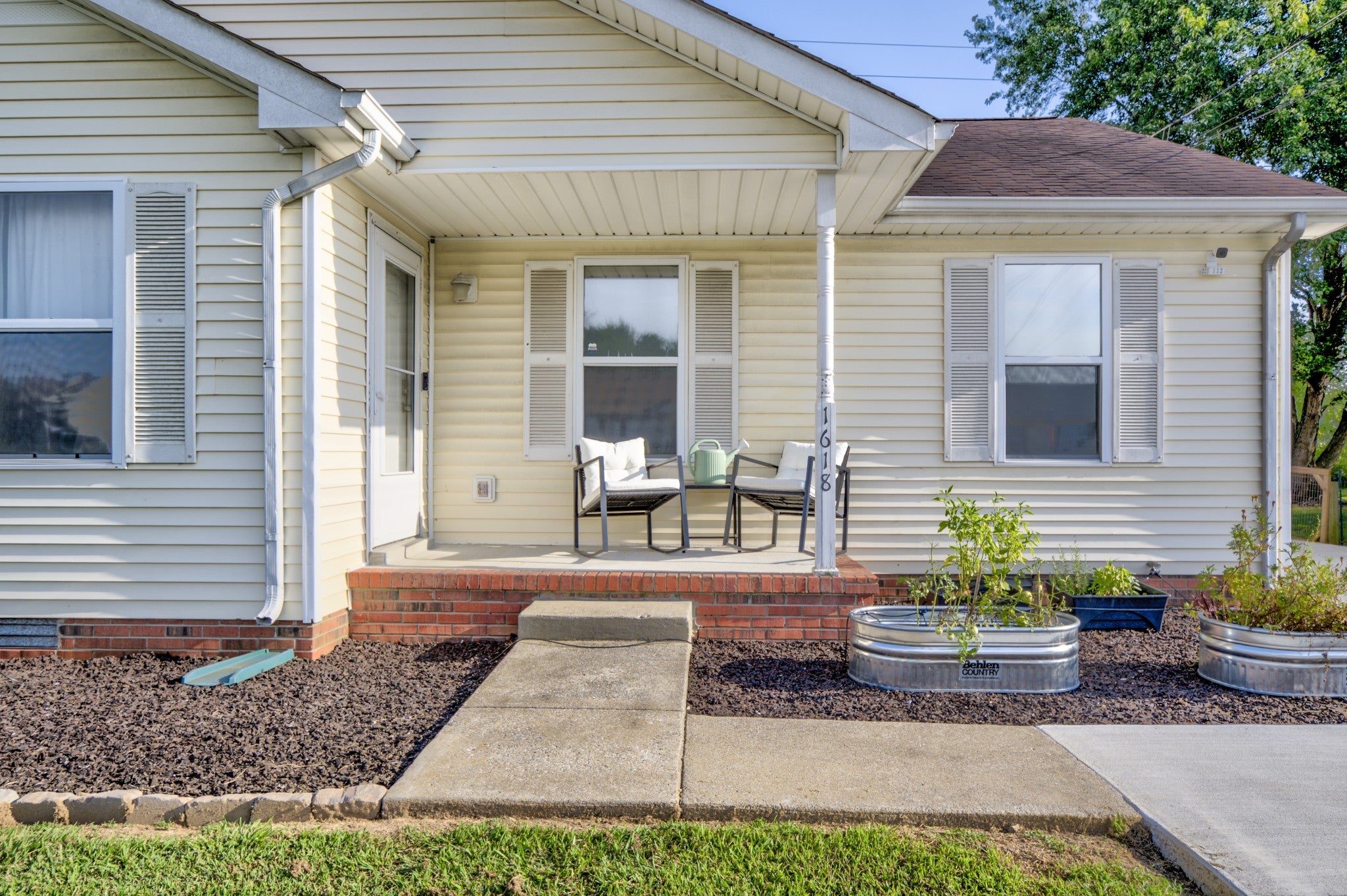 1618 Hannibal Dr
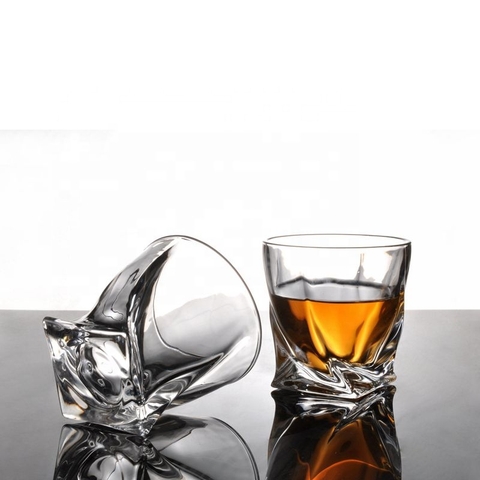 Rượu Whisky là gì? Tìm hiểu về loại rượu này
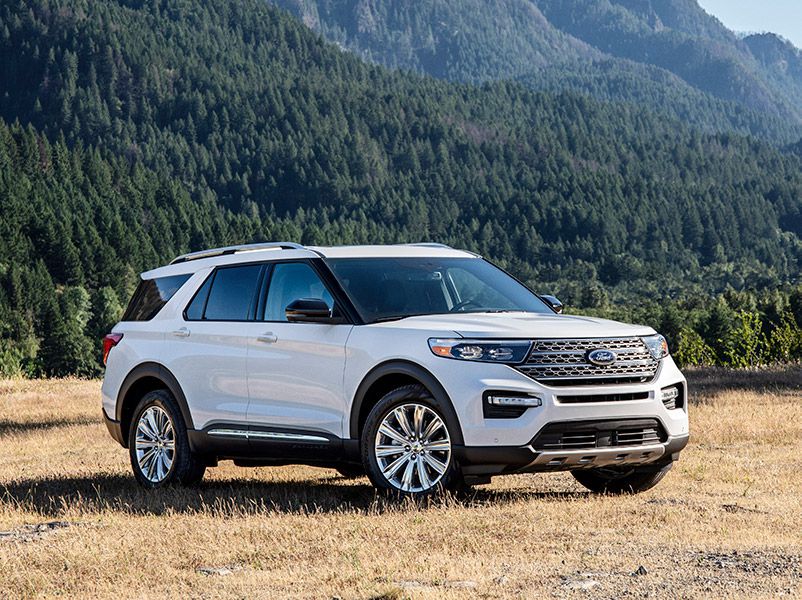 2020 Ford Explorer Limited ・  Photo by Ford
:::
> [Instructions for the task]:
Write down the full listing above exactly as it is, except for any images.

> [Response for this exercise]:
 1618 Hannibal Dr
 Rượu Whisky là gì? Tìm hiểu về loại rượu này
 2020 Ford Explorer Limited ・  Photo by Ford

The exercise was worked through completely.